I always struggle with the wisdom of single disease awareness campaigns as they seem to me to be a zero sum game and, in some cases, could cause more harm than good. The campaign started many years ago, to improve awareness of meningitis, is held up as one of the most successful disease awareness campaigns. Many parents will now know to look out for a non blanching rash and/or photophobia.
Melissa Mead told the Press Association: “If our doctors aren't recognising sepsis how are parents supposed to recognise it? That is something I want to raise - how to we get that out there?
"It needs to be in packs which are given to first time parents, it needs to be on TV like the Fast stroke campaign and the meningitis campaign, it needs to be out there for the general public to grasp.
"When I called 111 I didn't know that William was seriously ill, I didn't collectively look at William's symptoms and think 'this is sepsis' because I didn't know what sepsis was.

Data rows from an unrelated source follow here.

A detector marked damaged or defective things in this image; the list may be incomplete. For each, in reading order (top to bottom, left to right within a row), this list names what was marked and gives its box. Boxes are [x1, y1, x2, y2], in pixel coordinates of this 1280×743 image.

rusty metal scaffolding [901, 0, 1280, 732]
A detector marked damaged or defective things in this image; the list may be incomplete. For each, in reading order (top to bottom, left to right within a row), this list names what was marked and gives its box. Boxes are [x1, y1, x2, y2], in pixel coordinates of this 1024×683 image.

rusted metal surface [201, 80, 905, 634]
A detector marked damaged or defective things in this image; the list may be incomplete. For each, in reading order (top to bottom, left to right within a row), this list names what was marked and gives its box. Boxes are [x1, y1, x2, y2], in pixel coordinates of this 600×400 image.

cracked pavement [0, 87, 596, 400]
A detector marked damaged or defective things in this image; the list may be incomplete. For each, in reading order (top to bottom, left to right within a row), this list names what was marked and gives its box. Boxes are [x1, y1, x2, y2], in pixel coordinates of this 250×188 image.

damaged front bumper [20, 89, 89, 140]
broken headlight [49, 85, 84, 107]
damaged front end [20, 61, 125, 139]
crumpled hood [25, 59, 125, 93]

The most interesting quote is the last one stating how she knew what to look for with meningitis but didn’t know about sepsis. Two questions come to my mind:
I have often wondered whether a successful disease awareness campaign, such as meningitis one, could actually cause more mis- or delayed diagnosis as it effectively biases peoples thinking.

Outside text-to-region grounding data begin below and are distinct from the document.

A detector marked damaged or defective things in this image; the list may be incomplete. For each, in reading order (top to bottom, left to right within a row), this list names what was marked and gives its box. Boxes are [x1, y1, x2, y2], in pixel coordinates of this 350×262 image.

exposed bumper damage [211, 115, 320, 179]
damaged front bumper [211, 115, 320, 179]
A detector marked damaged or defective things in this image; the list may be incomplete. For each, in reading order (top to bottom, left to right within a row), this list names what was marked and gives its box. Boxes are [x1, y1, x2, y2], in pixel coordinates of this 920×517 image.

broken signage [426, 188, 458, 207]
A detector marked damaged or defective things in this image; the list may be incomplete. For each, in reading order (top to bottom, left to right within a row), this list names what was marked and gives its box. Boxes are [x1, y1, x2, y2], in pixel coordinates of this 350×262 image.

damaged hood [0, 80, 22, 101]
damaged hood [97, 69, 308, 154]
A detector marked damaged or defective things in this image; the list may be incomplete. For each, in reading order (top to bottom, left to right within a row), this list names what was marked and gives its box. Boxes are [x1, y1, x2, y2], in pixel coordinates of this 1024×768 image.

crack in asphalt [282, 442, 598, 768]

In the absence of any meaningful changes, a sepsis awareness campaign would be better than nothing. But it shows really poor clinical skills if a clinician cannot recognise when somebody, especially a child is seriously ill. However, recall that sepsis is basically what happens when the diagnosis of what you actually had to start with is delayed. To get to the stage where you have sepsis means that the health system failed you and the clinicians you went to previously failed to make the medical diagnosis of what you first complained of. The real solution that the UK Health Secretary needs to find is how to improve the quality of diagnosis decision making across the whole of the health system.